[
https://issues.apache.org/jira/browse/ACCUMULO-652?page=com.atlassian.jira.plugin.system.issuetabpanels:comment-tabpanel&focusedCommentId=13408156#comment-13408156
]
Adam Fuchs commented on ACCUMULO-652:
-------------------------------------
Status:
* RFile index now includes block stats for column visibility and overall
timestamp range
* System-level iterators and Filters now implement the pass-through optional
filter interface (Filterer)
* ColumnVisibility has been updated to support "or" and "and" operations, and
some basic simplifications to save space
* Unit tests exist and succeed for new MultiLevelIndex and RFile implementations
Remaining work:
# Test backwards compatibility of RFile running on previous index versions
# Write a functional test that only works if the block stat filtering is in
place for both timestamp range and column visibility filters
# Run continuous ingest and wikisearch ingest performance comparisons between
the 652 branch and trunk
# Plumb in the new aggregate column visibility size limit variable
# Use a better encoding for aggregate column visibilities to save space in the
index blocks
# Need a better name for the Filterer interface so as not to confuse it with
Filter
# Need to handle the case in which RFile Readers are reused between scans (or
make this contingent on them not being reused)

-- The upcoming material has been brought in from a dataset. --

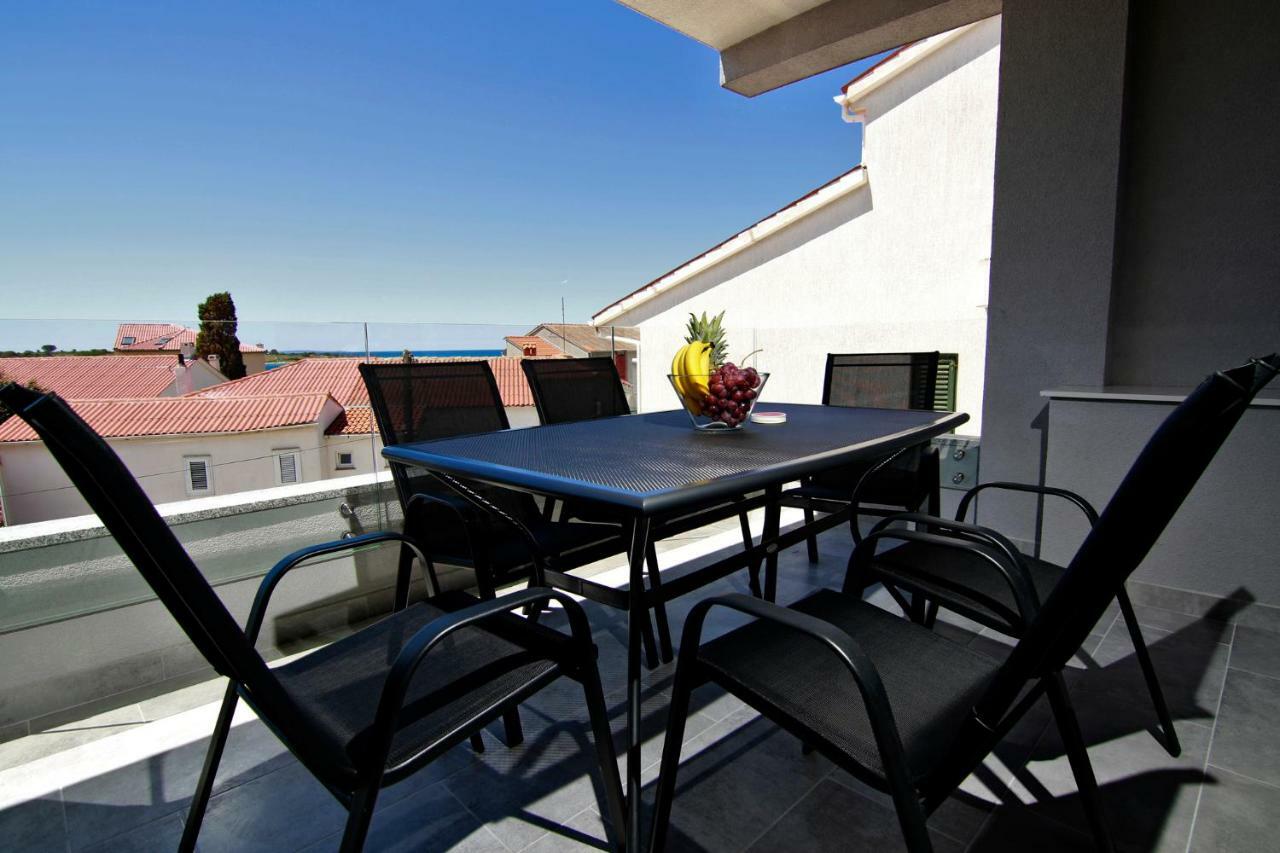 Apartments Luna Novalja Luaran gambar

# As Todd suggests, we should look into extending the block stats that are
collected to include basic information about included column qualifiers,
values, and maybe column families.
# For future extensibility and backwards compatibility, we should look into
abstracting the block stats provider and making it pluggable
> support block-based filtering within RFile
> ------------------------------------------
>
> Key: ACCUMULO-652
> URL: https://issues.apache.org/jira/browse/ACCUMULO-652
> Project: Accumulo
> Issue Type: Bug
> Reporter: Adam Fuchs
> Assignee: Adam Fuchs
>
> If we keep some stats about what is in an RFile block, we might be able to
> efficiently [O(log N)], with high probability, implement filters that
> currently require linear table scans. Two use cases of this include timestamp
> range filtering (i.e. give me everything from last Tuesday) and cell-level
> security filtering (i.e. give me everything that I can see with my
> authorizations).
> For the timestamp range filter, we can keep minimum and maximum timestamps
> across all keys used in a block within the index entry for that block. For
> the cell-level security filter, we can keep an aggregate label. This could be
> done using a simplified disjunction of all of the labels in the block. The
> extra block statistics information can propagate up the index hierarchy as
> well, giving nice performance characteristics for finding the next matching
> entry in a file.
> In general, this is a heuristic technique that is good if data tends to
> naturally cluster in blocks with respect to the way it is queried. Testing
> its efficacy will require closely emulating real-world use cases -- tests
> like the continuous ingest test will not be sufficient. We will have to test
> for a few things:
> # The cost for storing the extra stats in the index are not too expensive.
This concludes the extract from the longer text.